Sunday, July 29, 2012

Leverage

Since I began to tire of Burn Notice and be disappointed by Person of Interest, I looked around for another series to get my weekly vigilante fix. As usual, I wanted something like the old A-Team, and I had also seen the British series Hustle on my PBS station before it disappeared. The writing on that show was excellent, and I liked the idea of a conman who was specifically targeting other people who prey on ordinary citizens. Mickey Bricks seemed to have a conscience even if he stole from rich people, and his team was mostly likeable.

So, after hearing recommendations that Leverage was an Americanized version of Hustle, I began recording episodes of it from TV. Sadly, it was not as good as Hustle.


Whereas in Hustle, everyone is an experienced grifter who can con a mark, in Leverage, the team is more specialized and divided up. Only one member is a grifter, another's a hitter (beating up people with his nearly superhuman might), another's a computer hacker, and Parker is given the vague term "thief." It seems to mean that she's a pickpocket, jewel thief, safe-cracker, and explosives expert, who enjoys doing daredevil stunts in harnesses. For so much stuff she does, they ought to give her a better job title than mere "thief." Finally there's the mastermind of the operation, their Mickey Bricks; his name is Nathan Ford or Nate. He's apparently a former insurance investigator who became an alcoholic after the death of his son, and so he assembles the team of thieves to get revenge on greedy businesses and ultimately the insurance CEO who refused to approve life-saving treatment for Nate's son.
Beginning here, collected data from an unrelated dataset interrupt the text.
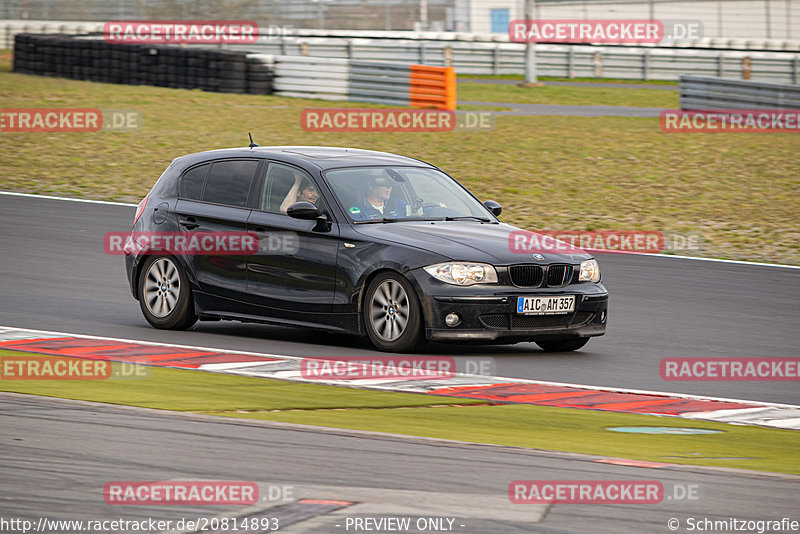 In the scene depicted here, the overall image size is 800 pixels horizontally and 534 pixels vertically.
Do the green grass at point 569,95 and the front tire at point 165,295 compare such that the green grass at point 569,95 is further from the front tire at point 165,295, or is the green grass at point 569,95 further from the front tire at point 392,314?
the front tire at point 392,314

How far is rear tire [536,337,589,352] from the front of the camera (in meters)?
11.0

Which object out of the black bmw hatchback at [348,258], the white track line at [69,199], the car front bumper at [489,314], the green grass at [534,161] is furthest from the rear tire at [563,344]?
the white track line at [69,199]

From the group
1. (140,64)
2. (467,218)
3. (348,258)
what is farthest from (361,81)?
(348,258)

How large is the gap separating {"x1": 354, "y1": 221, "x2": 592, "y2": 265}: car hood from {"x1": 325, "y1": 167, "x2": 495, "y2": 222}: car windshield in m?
Result: 0.17

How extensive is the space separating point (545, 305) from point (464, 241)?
2.54 ft

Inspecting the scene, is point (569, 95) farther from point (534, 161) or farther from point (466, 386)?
point (466, 386)

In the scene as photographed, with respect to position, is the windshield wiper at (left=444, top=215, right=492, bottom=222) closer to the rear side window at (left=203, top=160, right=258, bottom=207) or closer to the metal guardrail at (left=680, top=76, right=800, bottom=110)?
the rear side window at (left=203, top=160, right=258, bottom=207)

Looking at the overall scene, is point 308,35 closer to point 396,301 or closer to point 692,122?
point 692,122

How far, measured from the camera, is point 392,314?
34.2 ft

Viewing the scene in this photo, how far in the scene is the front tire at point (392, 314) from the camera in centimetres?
1027

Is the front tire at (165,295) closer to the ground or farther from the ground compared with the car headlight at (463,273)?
closer to the ground

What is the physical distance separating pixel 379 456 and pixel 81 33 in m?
41.3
I haven't seen the pilot yet, but what I can gather from the other episodes is that his team have tons of money, enough to retire, but in order to keep busy and do good, they take on poor clients who've been victimized. Nate devises a con or some other scheme to steal back things or get justice for their clients. Nate does have some moving moments, especially in his protectiveness of his team and his finally admitting in the season 2 finale that he too is a thief just like the rest of his team; he's not an honest citizen merely using them as tools to enact his Robin Hood fantasy. Unfortunately his grief for his son and his alcoholism are treated in a cliche-ridden, heavy-handed way. I was glad when the flashbacks to his son's death stopped. I also did like the insight that Nate's father was a loan shark, and his son learned the way he operated.

Nate's love interest Sophie, the grifter of the team, often tries to use the con jobs as times to inappropriately psychoanalyze Nate. I know she's in love with him, but it gets strange when she's alternately jealous, then suddenly talking him into dating some other woman. She insists that Nate is getting too cocky in his schemes and is obsessed with control. Heal yourself first, lady, before you lecture him.

Sometimes I really like the episodes and other characters, but at other times the formula is grating and I'm distracted by the implausible cons. Unlike in Hustle, when I could believe most of the details took place, Leverage plays fast and loose with reality.

Then there's the blatantly shitty continuity. One episode about a diamond heist, "The Iceman Job", has the stolen diamonds magically appear in an open safe, when the villains were sure it was empty. We assume that Nate's team, specifically Parker, must have planted the diamonds there. But when? Nate's team weren't told which safe they had to open until the very last minute, and Parker didn't have time to crack the box before she hid. Eliot specifically says to Hardison that it's Hardison's fault that Parker never had time to open that box. We are shown that Hardison didn't open the box either before Parker grabbed him to leave. So who the freaking fuck opened the box and planted that evidence? And at the end of the episode, Nate gives the client a briefcase of money, and the only explanation we get is a flashback of Hardison stealing a diamond and replacing it with cubic zirconia. I already guessed that he stole it; I'm not freaking stupid. But when did he or Nate convert that diamond into loads of cash? The entire episode we are told that large-carat diamonds are impossible to sell if you can't get rid of the laser-inscribed ID number. Nate's team don't have a real laser to get rid of the ID number. So how the fuck did they sell that stolen diamond and get cash? As I said, shitty continuity.

Then again, I do like the constant references to real scandals and problems in America such as greedy insurance companies, loan sharks profiting off the fact that banks won't loan money to regular people anymore, and Bernie Madoff-types ripping off investors. I also appreciated seeing Wil Wheaton guest star as a hacker named Chaos or Kobayashi Maru. Great geek humor, and they didn't even over-explain it.

I'll keep watching the show because I still need a weekly fix of amiable vigilantes righting wrongs for deserving victims, but I reserve the right to roll my eyes at the bad parts.